Pietro Badoglio. Una scelta sbagliata

La mancanza di credibilità nel rinnovamento di Badoglio

badoglio

La più infausta scelta di Vittorio Emanuele III fu di liquidare Mussolini affidando la sua successione ad un uomo che ne era stato l’ombra durante il regime: Pietro Badoglio.

Non era un fascista della prima ora. Anzi aveva detto, nei momenti della marcia su Roma, che con qualche battaglione avrebbe liquidato il fascismo. Ma, privo di qualsiasi scrupolo pur di mandare avanti la propria carriera, non appena il fascismo divenne forza di governo sì allineò al nuovo corso.

Era riuscito ad avere un incarico diplomatico in Brasile, per poi essere nominato dallo stesso Mussolini Capo di Stato Maggiore Generale. Divenne una figura di primo piano tra quelle che collaboravano attivamente con il capo del Fascismo.

Sostenne l’invio delle divisioni al Brennero a seguito dell’assassinio del cancelliere austriaco Dollfuss. Ma poi fu Badoglio stesso a curare gli accordi militari con lo Stato Maggiore tedesco prima dell’entrata in guerra dell’Italia.

Badoglio e la guerra d’Etiopia

Tutti lo ricordavano come il vero vincitore della guerra d’Etiopia, l’uomo che alla testa delle truppe italiane vittoriose era entrato nella capitale nemica. Celebrato da un Mussolini fu fatto Duca di Addis Abeba.

Convinto assertore dell’intervento nella guerra di Spagna e dell’occupazione dell’Albania. Non ebbe nulla da dire quando Mussolini decise di invadere la Grecia. Non si contrappose neanche al resto del conflitto fin quando i disastri militari, che avvenivano anche per sua colpa, non misero in evidenza le sue importanti responsabilità nella debacle militare.

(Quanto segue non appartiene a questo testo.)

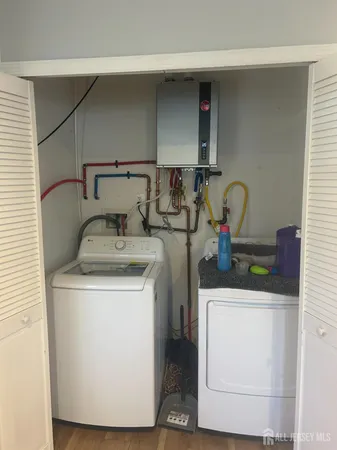 a utility room with dryer and washer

Fu in quel momento che, inviso a molte figure del regime, ma anche a molti italiani in generale, si dissociò.
Diciamo che volgarmente abbandonò la barca quando stava andando a fondo.

Un personaggio che non piaceva a nessuno

Nessuno poteva credere nella veridicità di un rinnovamento con un personaggio simile a capo del governo. Badoglio aveva ovviamente contro i fascisti, ma pure gli antifascisti non si fidavano di lui. Il suo nome non entusiasmò alcun italiano.

E certo Badoglio non era uno dei personaggi con cui gli alleati si sentivano più garantiti ad aprire trattative, quale uomo che fosse oltre il regime fascista.

Il più grande collaboratore militare di Mussolini non poteva incarnare agli occhi di costoro il rinnovamento. Nessuno gli credette quando condannò la politica estera e militare del Fascismo. Poiché egli era stato un attore attivo di quella politica estera che ora rinnegava e non poteva scrollarsi di dosso le responsabilità così semplicemente.

Il filo di corresponsabilità che legava Badoglio, uomo della monarchia (colpevole essa stessa), con gli errori della dittatura fu un fattore di grande delegittimazione. La debolezza di un Governo che temeva il ritorno di fascisti, che invece si sbandarono in quei giorni, e non riusciva a conquistare la fiducia degli antifascisti.

Ancora a pitturare questo quadro ci si metteva la precaria situazione militare del paese. Con l’alleato tedesco che non si fidava assolutamente del nuovo governo e gli alleati anglo-americani che non vedevano in esso un interlocutore affidabile.